Walter Veltroni è persona che ho imparato tardi ad apprezzare. In gioventù lo combattevo, ritenendolo molliccio e di scarso peso politico. Poi, con il tempo, gli ho riconosciuto la capacità di non leggere più il mondo con gli occhi dell’ideologia e la conquista di una serenità interiore sconosciuta ai suoi vecchi compagni di partito: i due fattori che distinguono un ex-comunista bilioso da una persona normale che nella vita fa le sue scelte, e quando sbaglia prova a fare i conti con la realtà, piuttosto che intestardirsi per metterla in riga.

Veltroni con la realtà ha fatto talmente i conti che da qualche anno ha abbandonato la politica a pieno tempo, dedicandosi ad attività di scrittura e cinematografiche che gli riescono anche abbastanza bene (cosa che non potrebbero fare i suoi, che generalmente non hanno un mestiere). Ma ha un punto debole che lo accomuna ai suoi compagni: potremmo definirlo come “la sindrome della parola aliena”.

Ricordate il meraviglioso “dottor Stranamore” di Kubrick, quando a Peter Sellers scatta in automatico il saluto nazista, per quel fenomeno neurologico definito “sindrome della mano aliena”? Nessun paragone blasfemo, sia chiaro, ma alle persone di sinistra succede una cosa analoga. Possono vedere scorrere il film di sconfitte planetarie ma la lezione non la comprendono mai: “sinistra” resta sempre la parola-chiave per richiamare valori e ideali (spesso presunti), incitare all’unità (altra parolina magica…), suscitare commozione e applausi autoreferenziali. Cosa che Veltroni ha fatto con mestiere nel corso della celebrazione del decennale del Pd sabato scorso.
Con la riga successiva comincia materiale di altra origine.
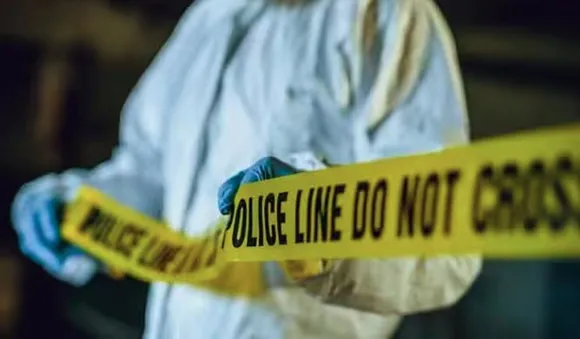 മൂന്നുമാസമായി ലൈംഗികപീഡനം; പാകിസ്താനില്‍ പിതാവിനെ വെടിവെച്ച് കൊന്ന് 14-കാരി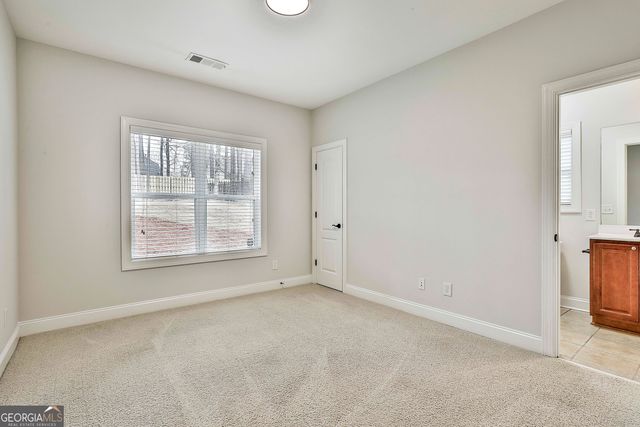 294 Horizon Hill, Newnan, GA 30265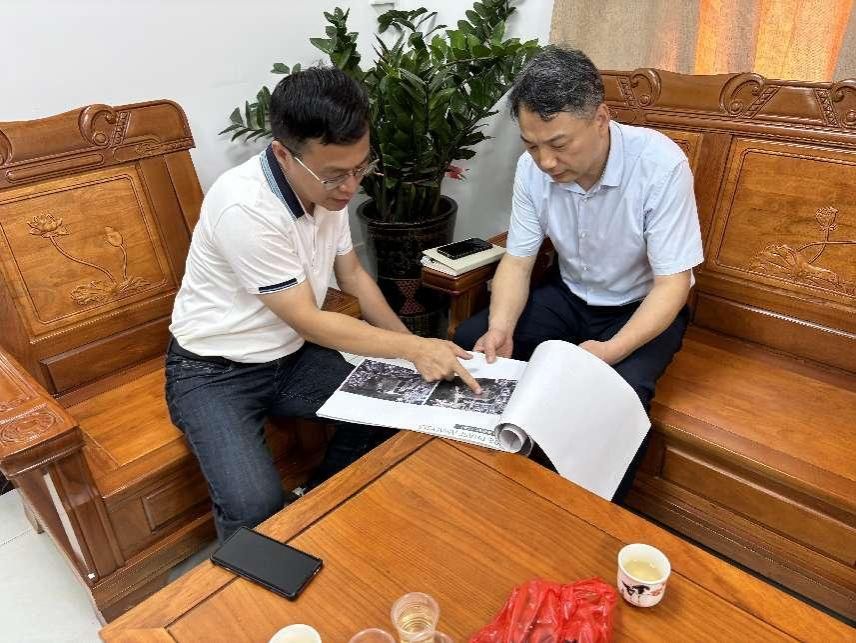 说明: 71c225abb59aa2fcd96a804aacf989f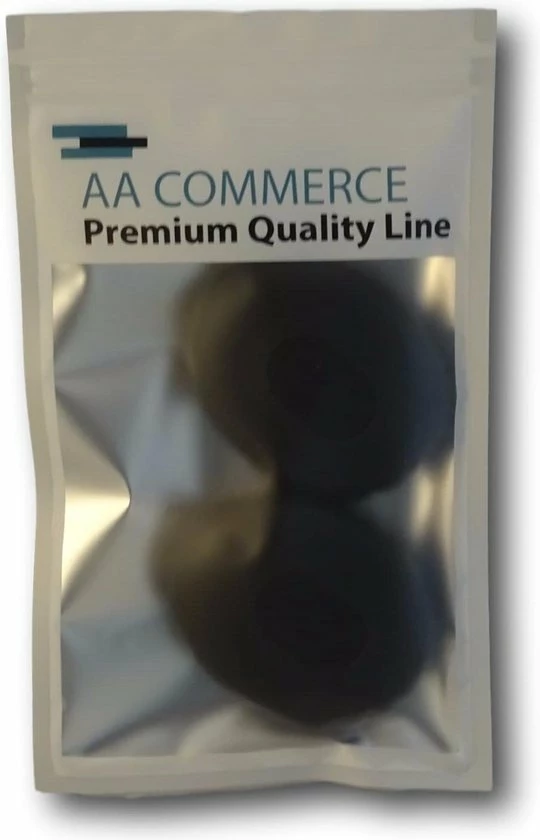 AA Commerce 2x Dashboard Montage Schijven Geschikt Voor De Tomtom & Garmin - Dashboardmontage Navigatie Zuignap Houder 7 AA Commerce 2x Dashboard Montage Schijven Geschikt Voor De Tomtom & Garmin - Dashboardmontage Navigatie Zuignap Houder - Image 5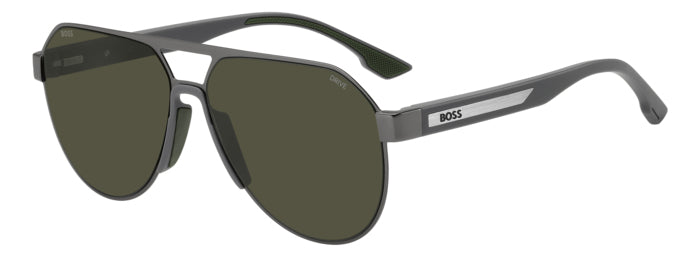 Gafas de Sol Hugo Boss 1989/S SVKL7 60 15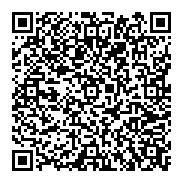 土城廠房出租出租土城廠房租土城廠房土城廠房租-QR CODE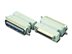 Picture of SCSI Adapter - SCSI 3 HD68 Female to SCSI 1 C50 Male - 0 of 1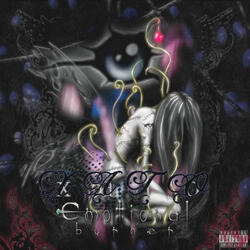 The night I left everything behind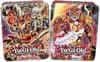 2014 Mega-Tins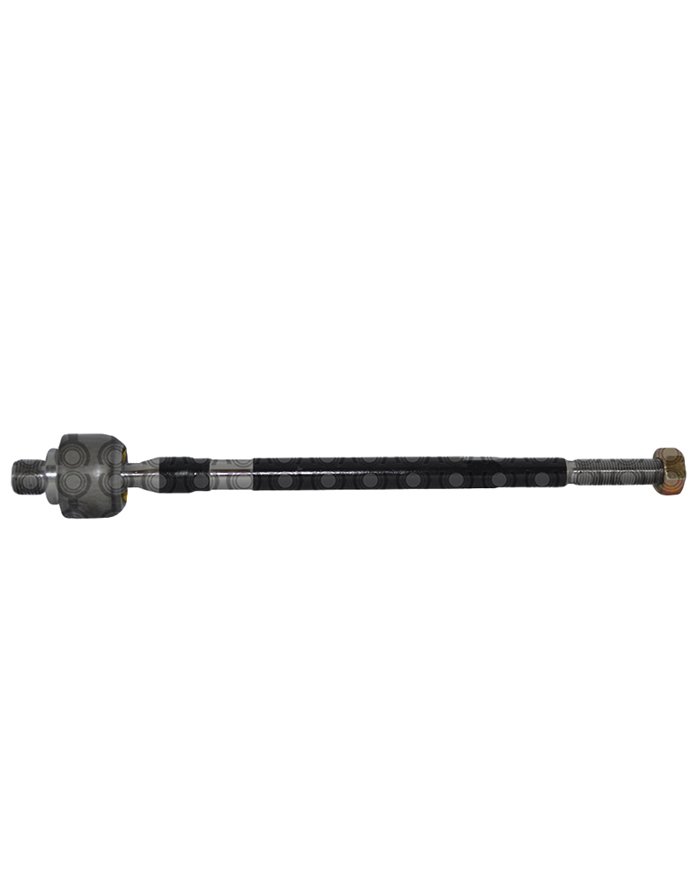 TNK KIX5032 PUNTA DE CREMALLERA KIA RIO 00-05 ASISTIDO
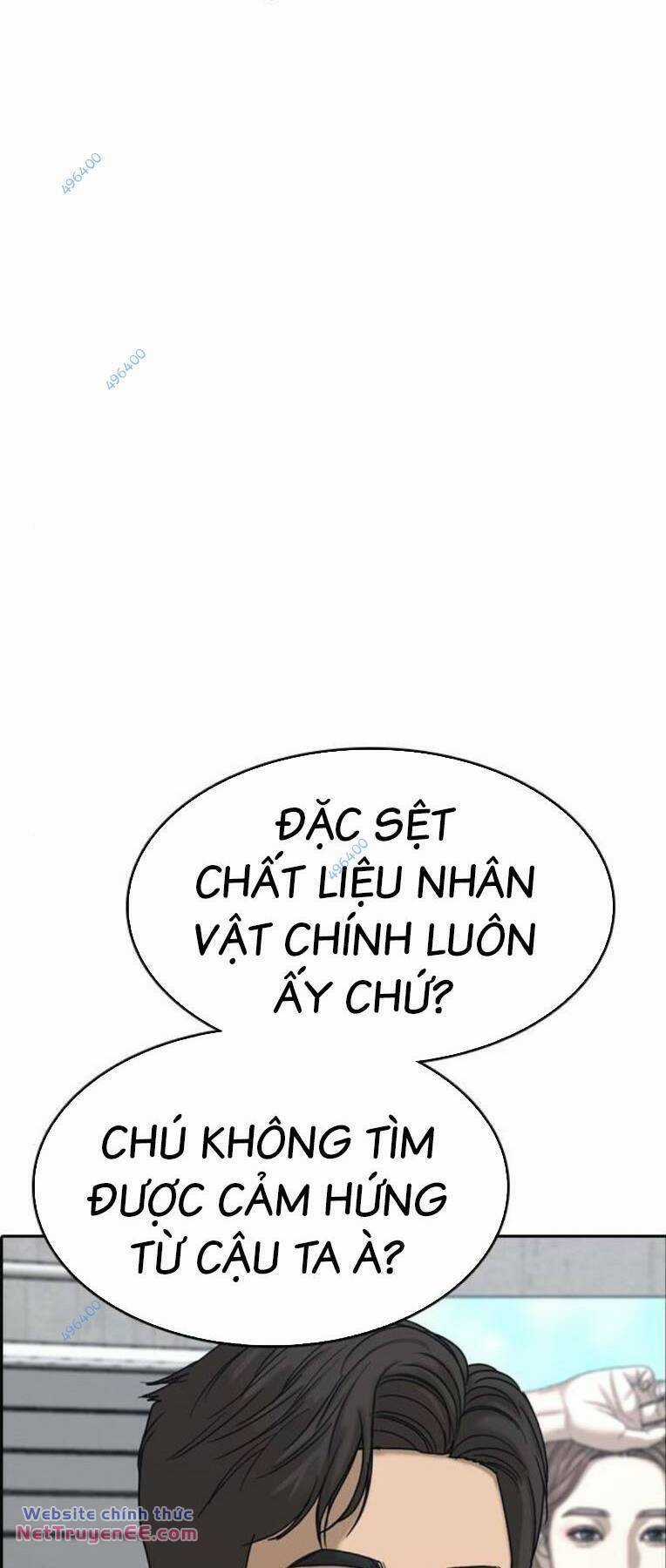 Những Mảnh Đời Tan Vỡ 2 Chapter 10 trang 60
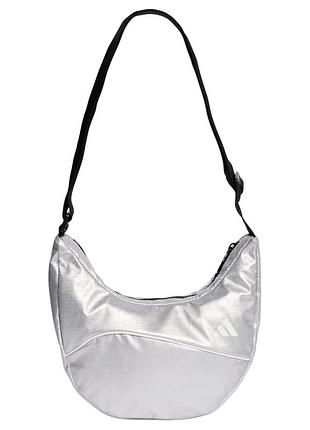 Сумка adidas glow shoulder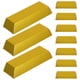 thumbnail image 1 of unbranded 24Ud Cajas De Regalo De Papel Dorado Para Dulces Con Elegante Para Fiestas Y Eventos, 1 of 6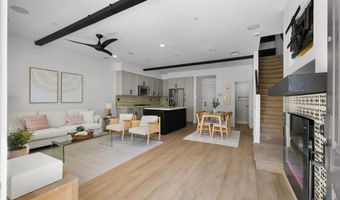 1758 Fairlead Ave, Carlsbad, CA 92011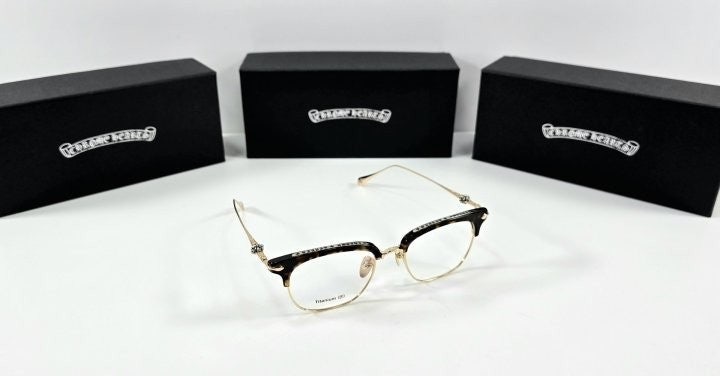 6_833Ud018svc17c5q2s1cbn1a_413zjm.jpg 6_833Ud018svc17c5q2s1cbn1a_413zjm.jpg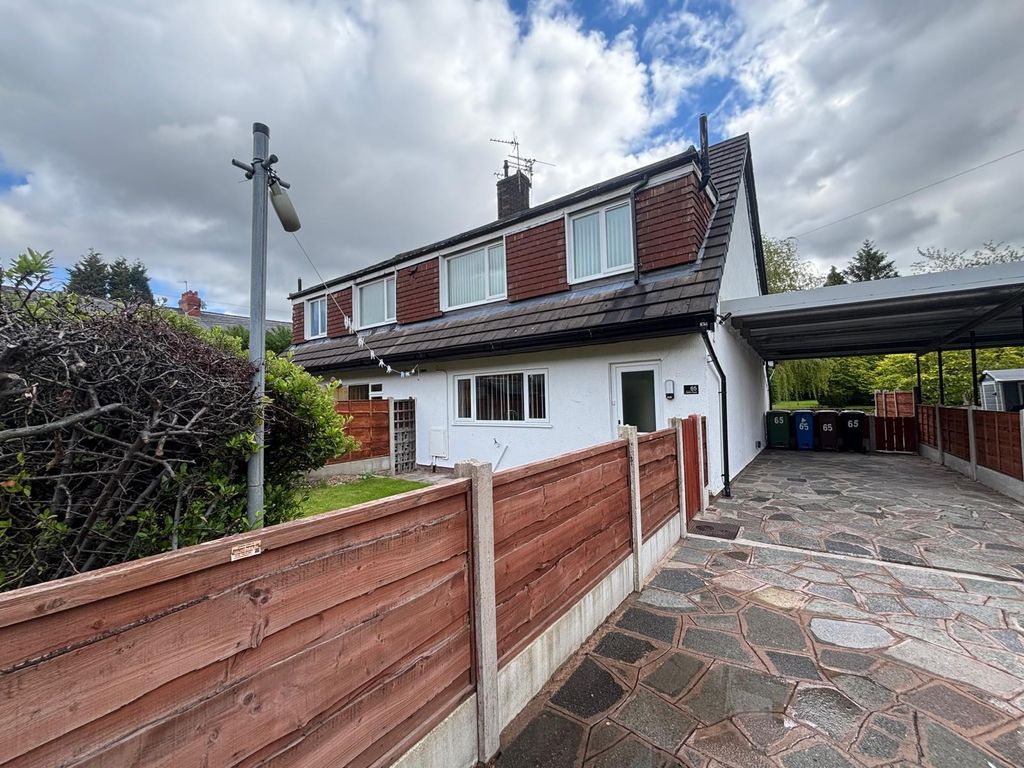Property photo 1 of 9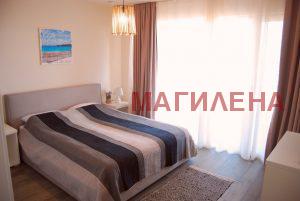 Продава КЪЩА | Imot.bg — изображение 9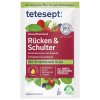 TETESEPT back and shoulder muscles, sea salt, 80 g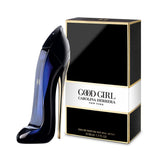 Carolina Herrera Goodgirl Edp Fragrance For Her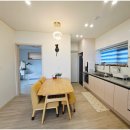 제주옥상달빛 이미지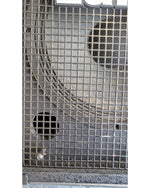 Laney TM200P - Single Speaker – Powered Speaker - Good - Image 6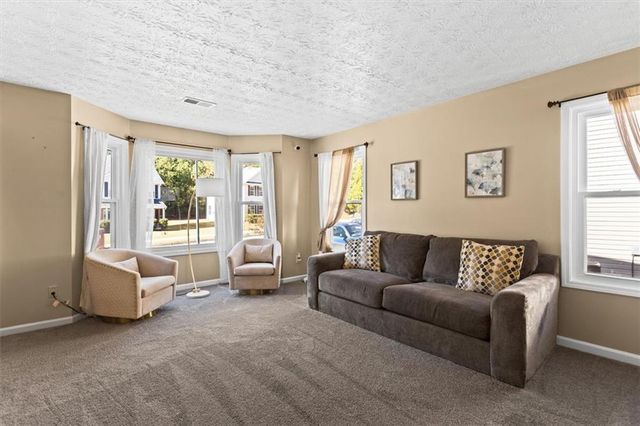 1862 OAK HILL SPRINGS Boulevard, Lithonia, GA 30058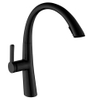Stylish Hot-Selling Hot and Cold Water Pull Down Faucet for Modern Kitchens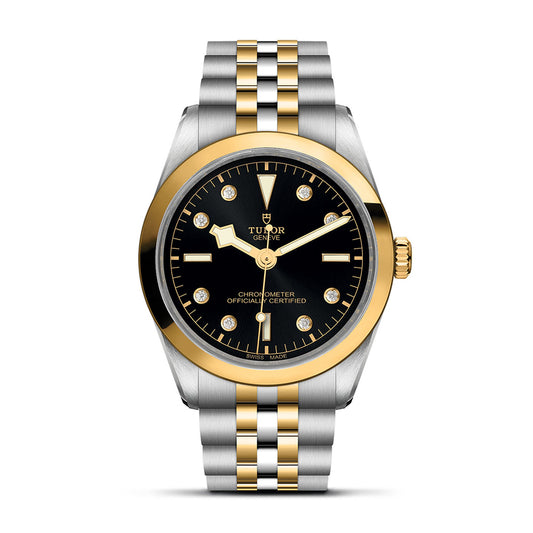 TUDOR M79643-0006-1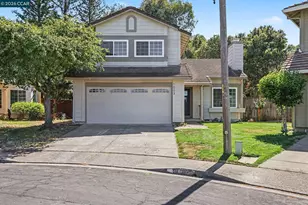 1003 Ignacio Ct, Pinole, CA 94564 - Photo 1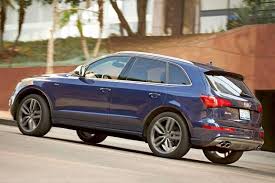Image result for Estoril Blue 2015 Audi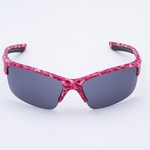 Versátil Mulheres Moda Marca Designer Luxury Sunglasses Vintage YJ-0076-1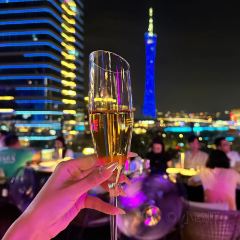 JOYOUS MUSIC CLUB User Photo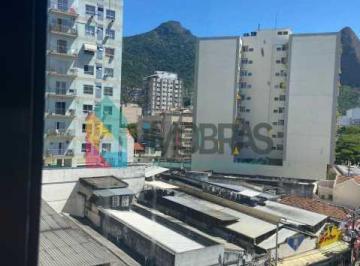 Apartamento · 69m² · 2 Quartos · 1 Vaga · Grajaú ! Apto. sala e dois quartos com vaga de garagem ! Prédio com salão de fes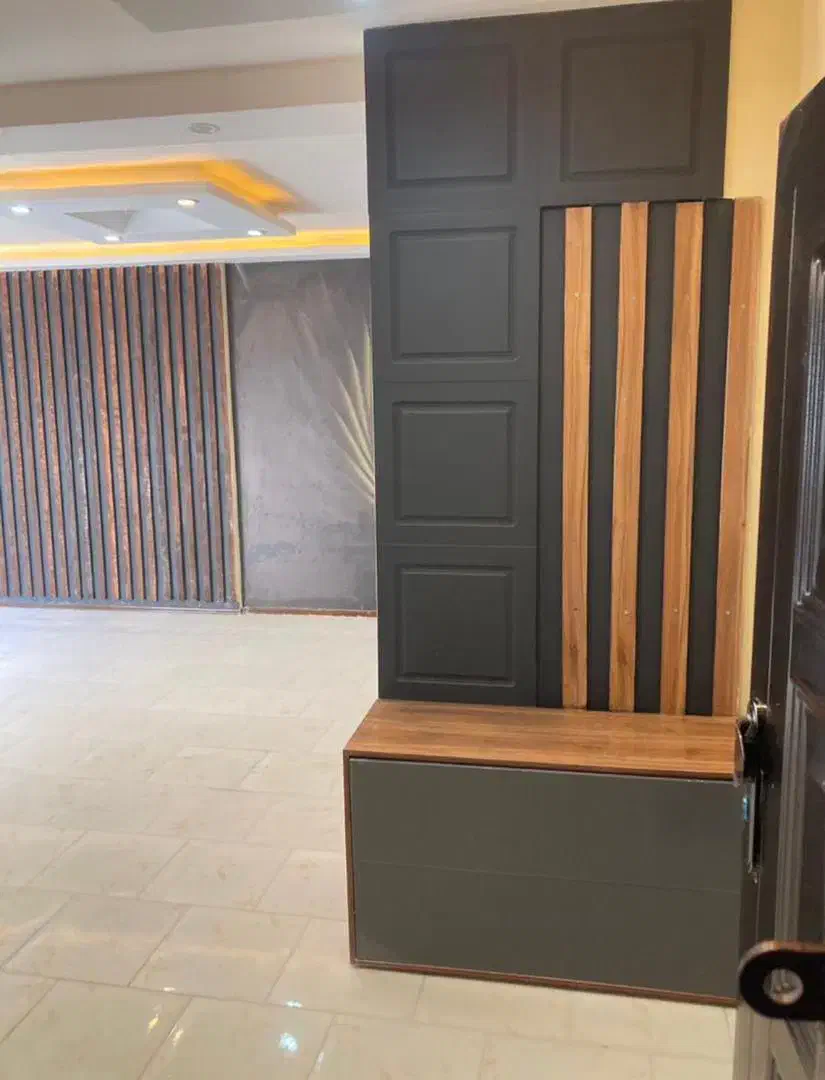 فاز ۱۱ زون ۵ بهترین بلوک|اجارهٔ آپارتمان|پردیس, فاز ۱۱|دیوار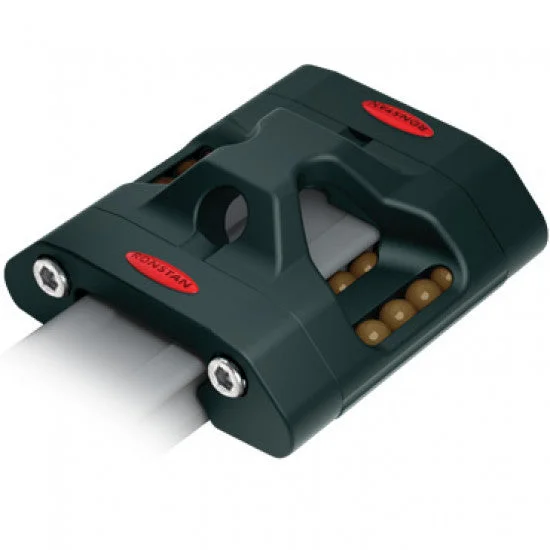 2026_06_09_3422842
Ma “sinistra” ormai è parola aliena, per tornare al paragone neurologico. E’ un totem simbolico totalmente scollegato dalla sua essenza, dal suo significato reale. Rimanda ad un passato morto e sepolto, mette in moto solo le pessime tossine della nostalgia. Provate a pensarci con freddezza. Quella che comunemente si definisce “sinistra” nacque internazionalista e cosmopolita e oggi si lamenta della globalizzazione che dà da mangiare a qualche miliarduccio di esseri umani in più. Si sviluppò contrastando il luddismo e combattendo per il progresso, e oggi ha paura dei robot. Difendeva i più deboli e oggi protegge gli assistiti. Concepiva (giustamente) la magistratura come baluardo dei poteri costituiti e oggi ne è schiava. E così via. Nulla oggi collega la parola “sinistra” alle ragioni – allora solide – della sua nascita storica. E questo è il semplice, semplicissimo motivo per cui oggi la parola piace “dentro”, tra i militanti, nostalgici e reduci, ma non è compresa fuori, tra la gente comune, che anzi la osteggia perché la collega indissolubilmente a concetti obsoleti, scontri incomprensibili, faide di ceto politico, etc…

Matteo Renzi non è un uomo di sinistra, per questo ha suscitato speranze. Lasci perdere il veltronismo, versione benigna di una malattia senza cure, e continui a tenere la parola “sinistra” fuori dal suo vocabolario. Parli alle persone normali, costruisca nei prossimi mesi un rassemblement moderato contrapposto agli sfascisti di ogni risma: è l’unico posizionamento possibile per il Pd in vista delle elezioni. Non contribuisca a tenere in vita la parola, eviti insomma a tutti i costi che il morto afferri il vivo.